**ASSIGNED TASK:**
After locating the line that contains "90 Corner 180", transcribe exactly that line and each one after it until the data ends, skipping pictures.

BEGIN

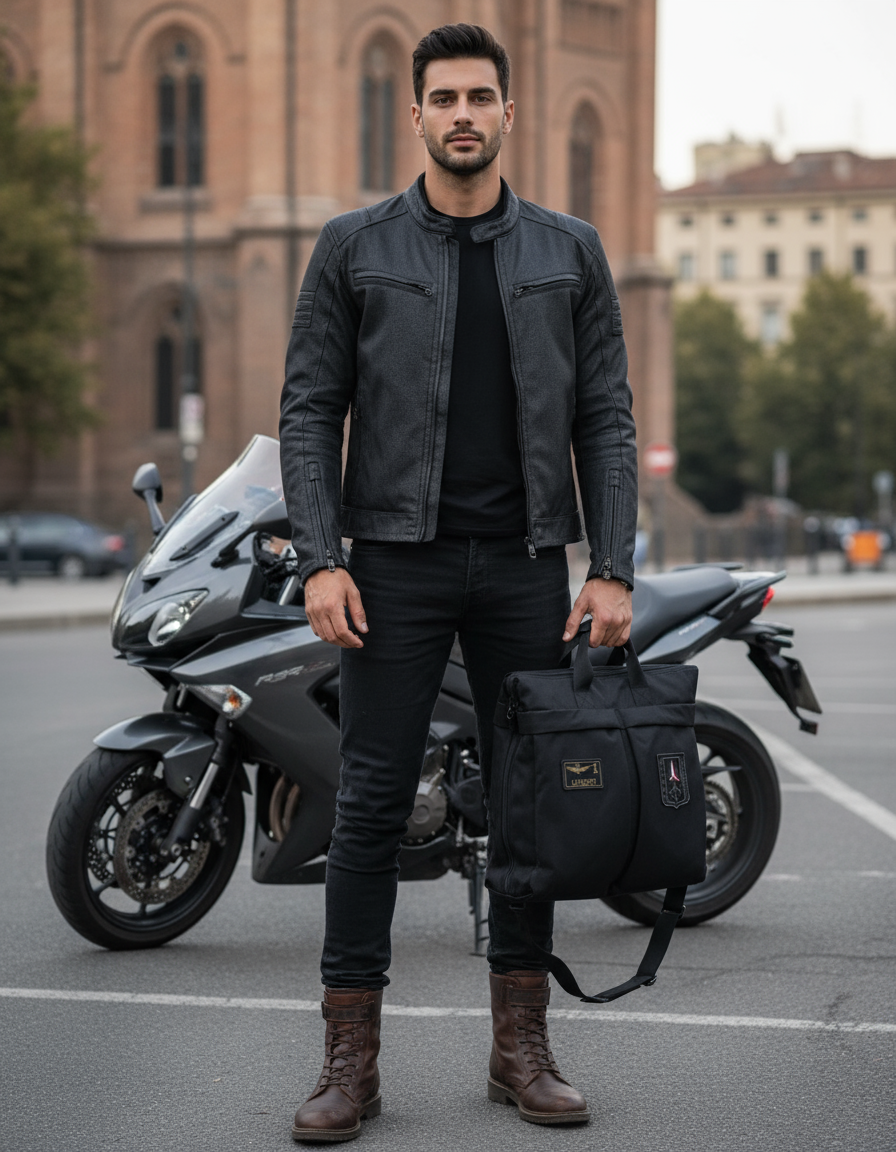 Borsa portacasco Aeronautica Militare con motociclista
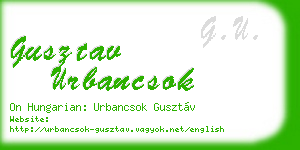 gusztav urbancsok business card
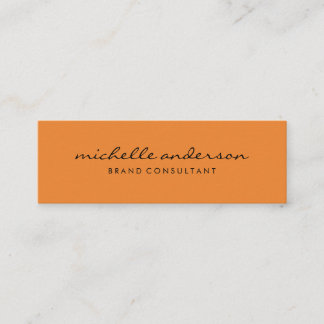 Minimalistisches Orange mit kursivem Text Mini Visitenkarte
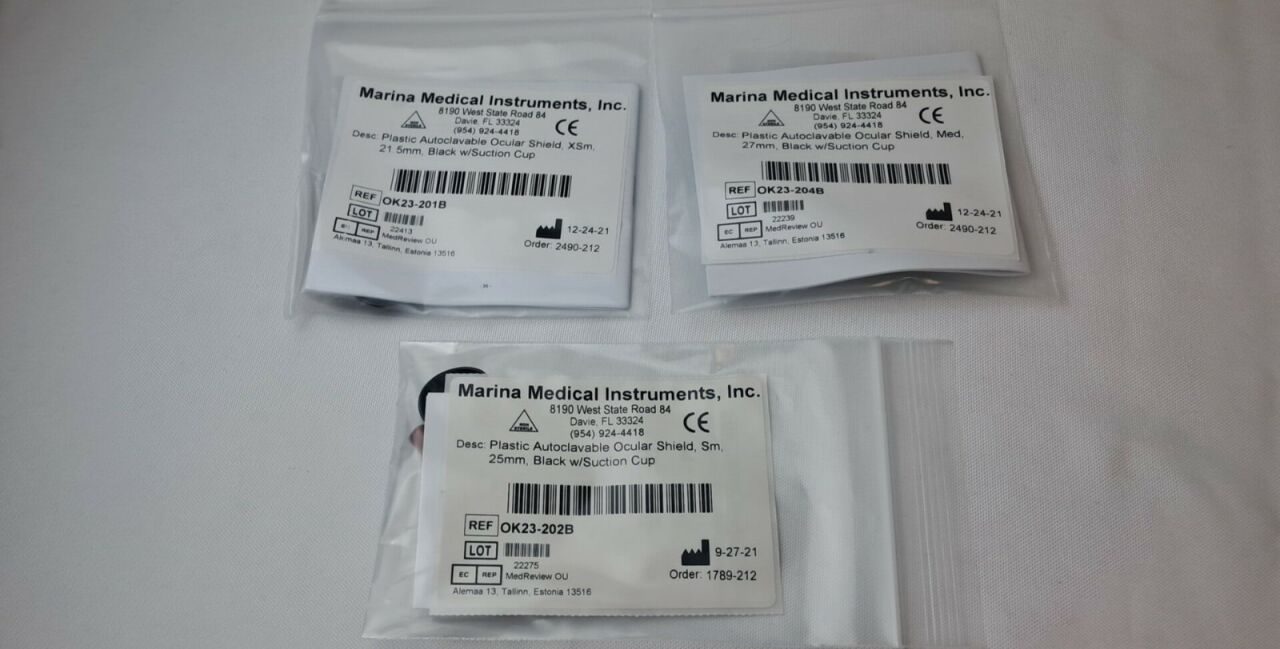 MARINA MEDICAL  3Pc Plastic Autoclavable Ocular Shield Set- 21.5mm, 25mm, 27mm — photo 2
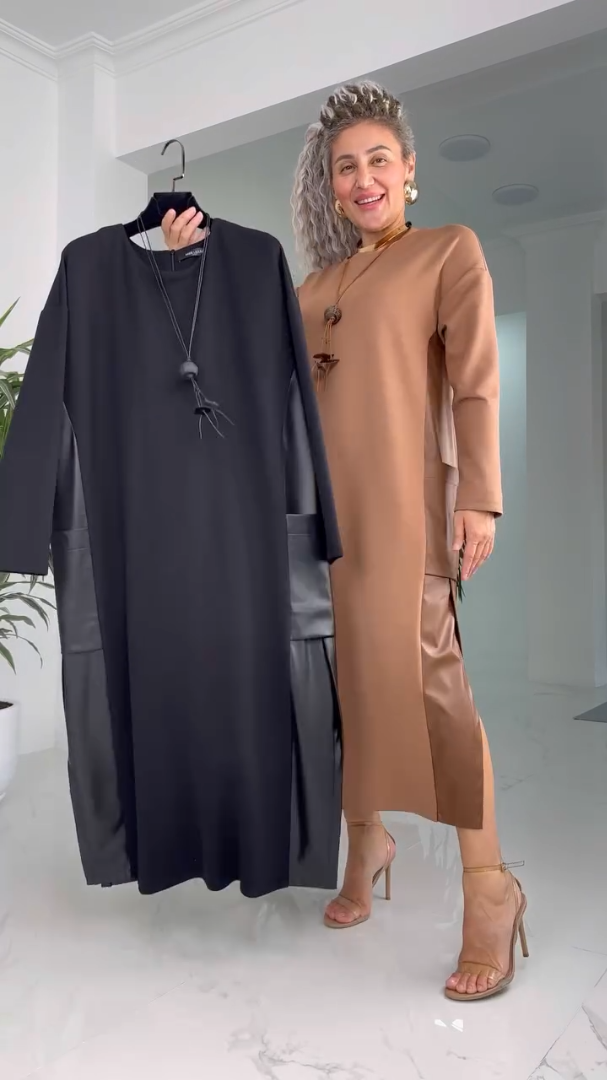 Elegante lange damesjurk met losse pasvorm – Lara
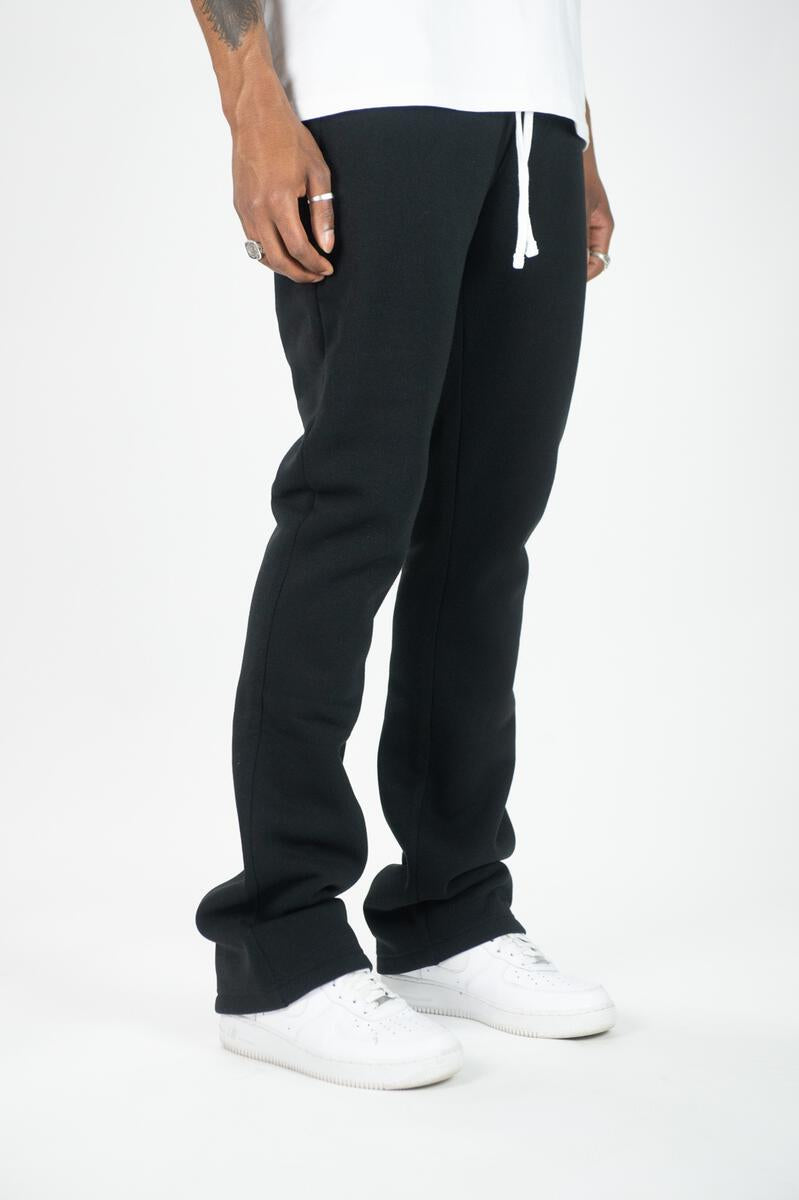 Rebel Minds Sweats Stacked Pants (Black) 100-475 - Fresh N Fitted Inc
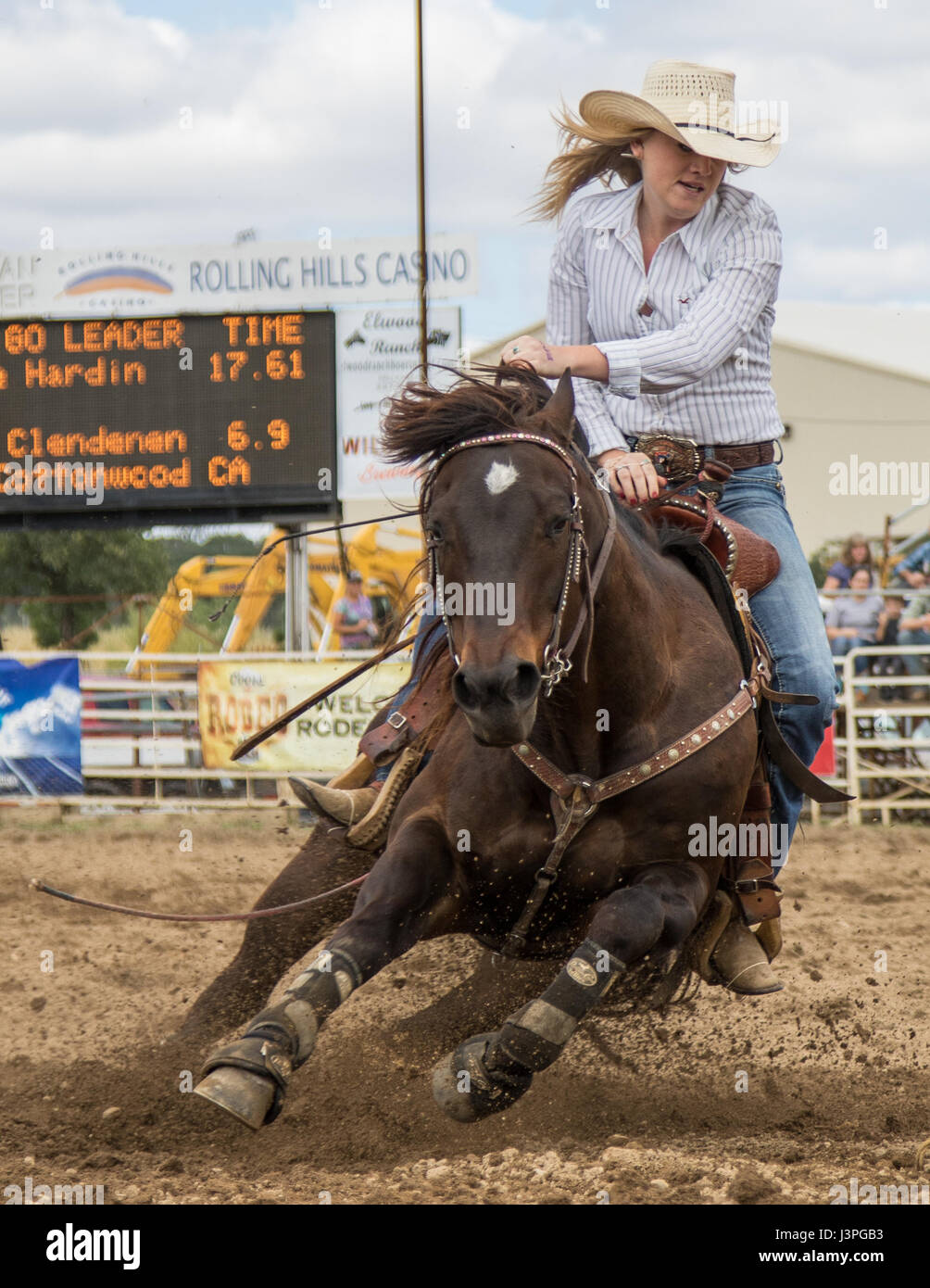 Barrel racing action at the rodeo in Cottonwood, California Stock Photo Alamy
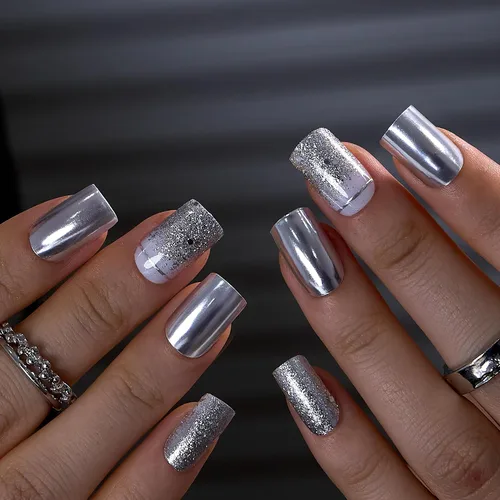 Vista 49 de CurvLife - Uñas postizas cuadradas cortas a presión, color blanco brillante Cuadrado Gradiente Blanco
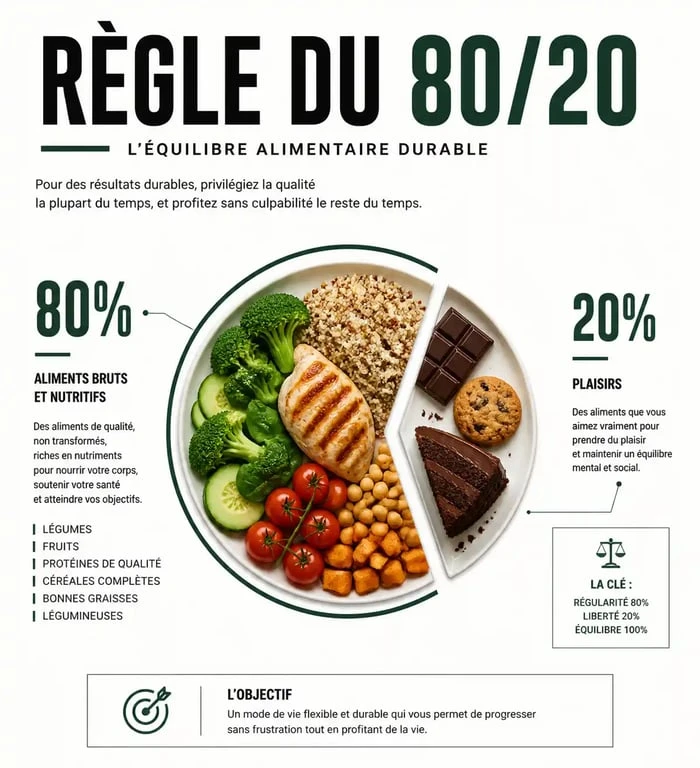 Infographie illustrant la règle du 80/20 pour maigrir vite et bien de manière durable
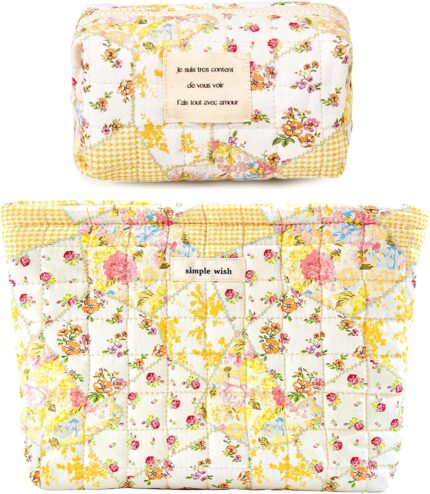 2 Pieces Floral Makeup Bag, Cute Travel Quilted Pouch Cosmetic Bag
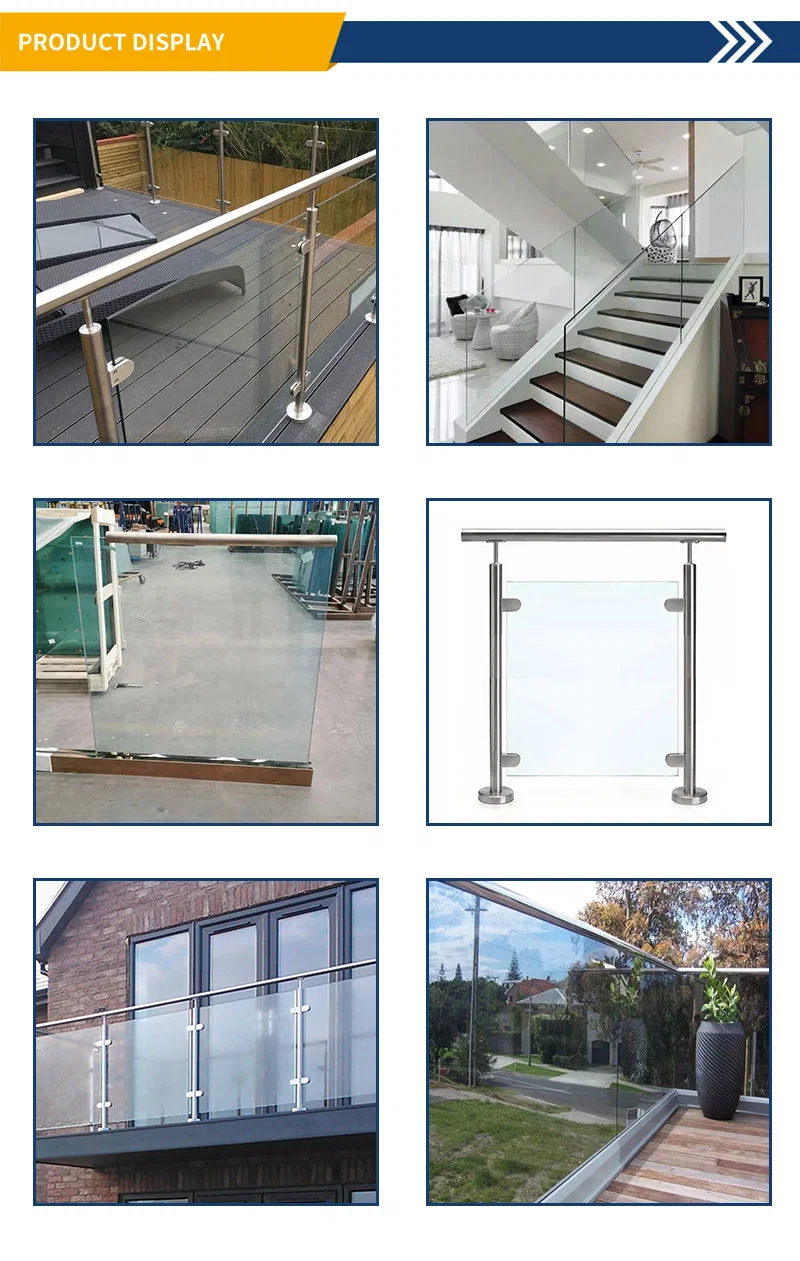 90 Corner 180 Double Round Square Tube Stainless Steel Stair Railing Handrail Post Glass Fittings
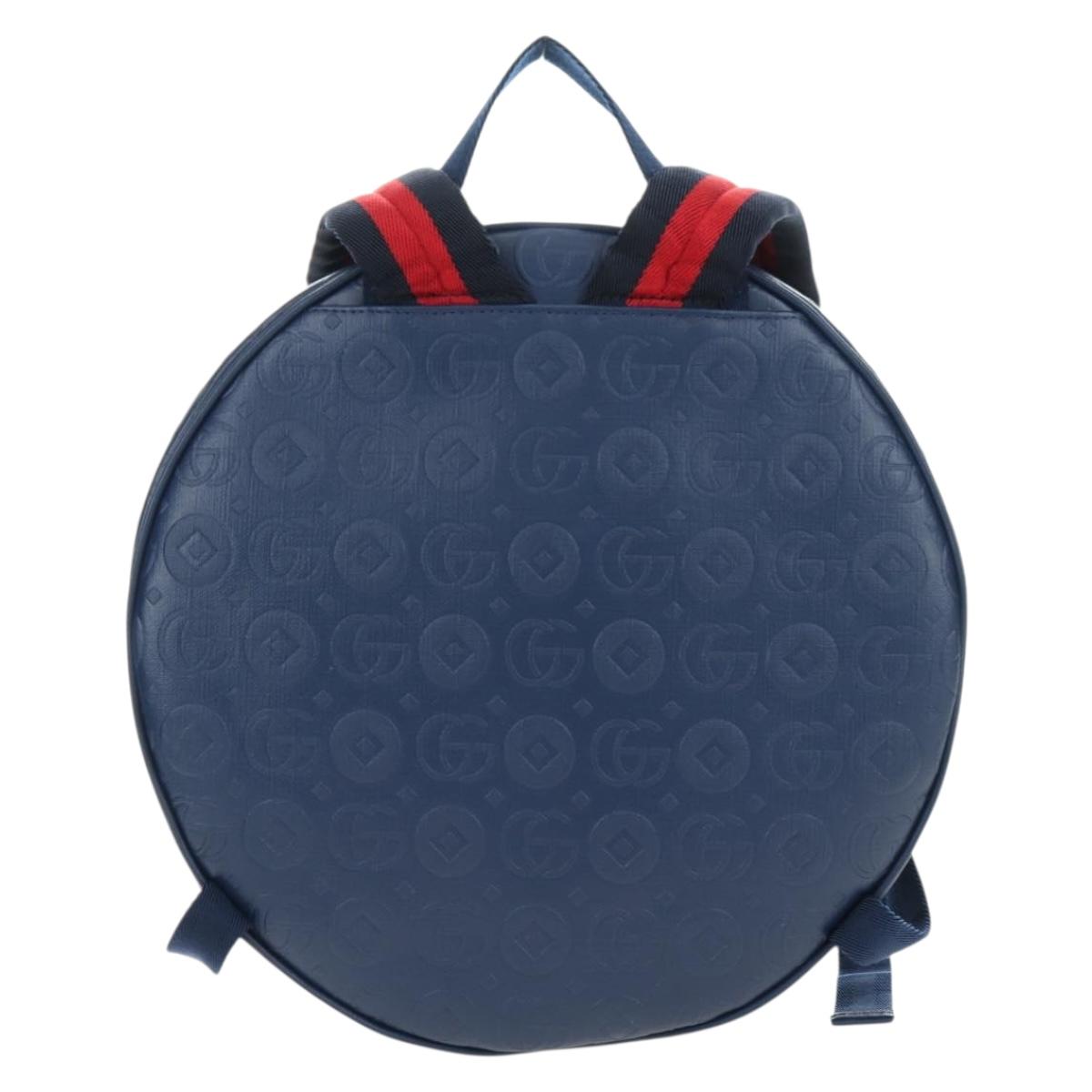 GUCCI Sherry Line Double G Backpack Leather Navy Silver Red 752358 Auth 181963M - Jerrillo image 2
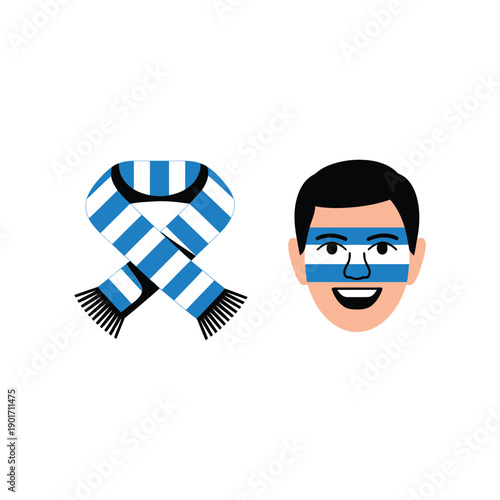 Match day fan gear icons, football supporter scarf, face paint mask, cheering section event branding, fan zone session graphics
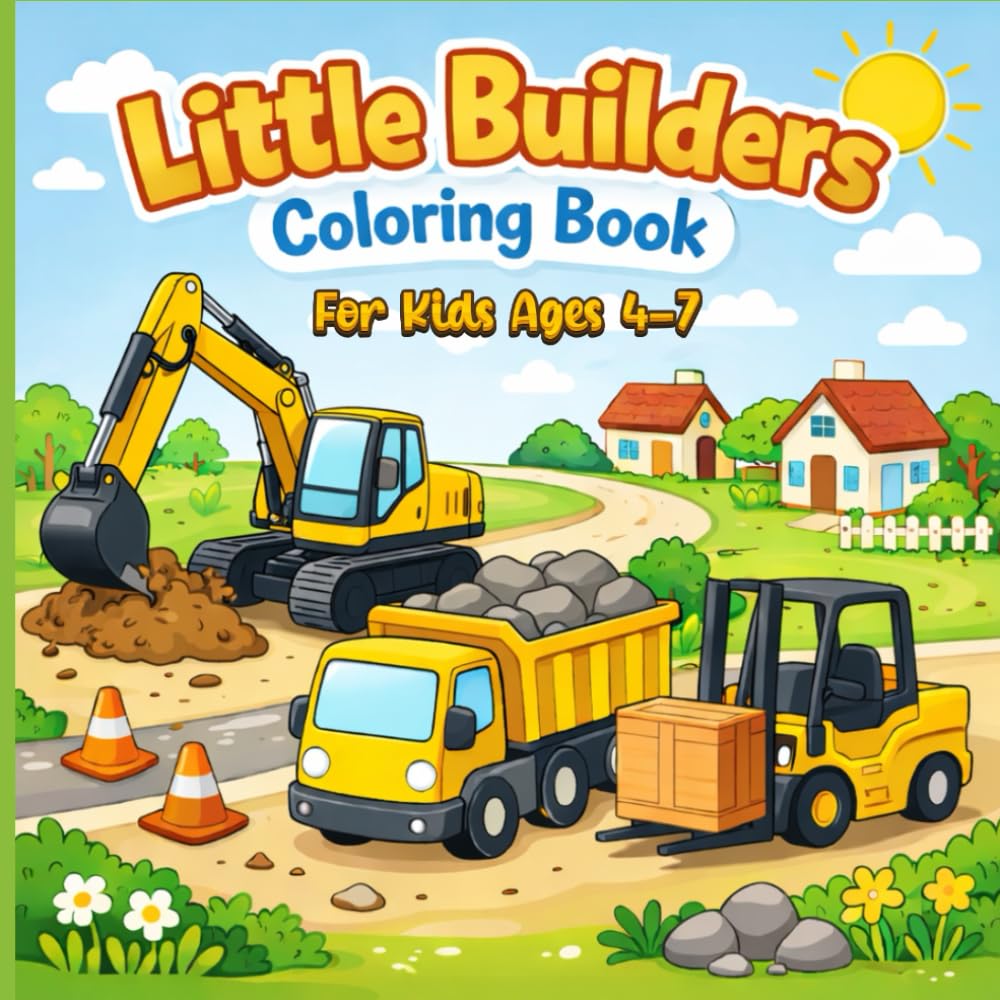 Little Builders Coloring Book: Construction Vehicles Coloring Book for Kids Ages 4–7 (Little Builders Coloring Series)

END

**SOLVED EXERCISE:**
 90 Corner 180 Double Round Square Tube Stainless Steel Stair Railing Handrail Post Glass Fittings
 GUCCI Sherry Line Double G Backpack Leather Navy Silver Red 752358 Auth 181963M - Jerrillo image 2
 Match day fan gear icons, football supporter scarf, face paint mask, cheering section event branding, fan zone session graphics
 Little Builders Coloring Book: Construction Vehicles Coloring Book for Kids Ages 4–7 (Little Builders Coloring Series)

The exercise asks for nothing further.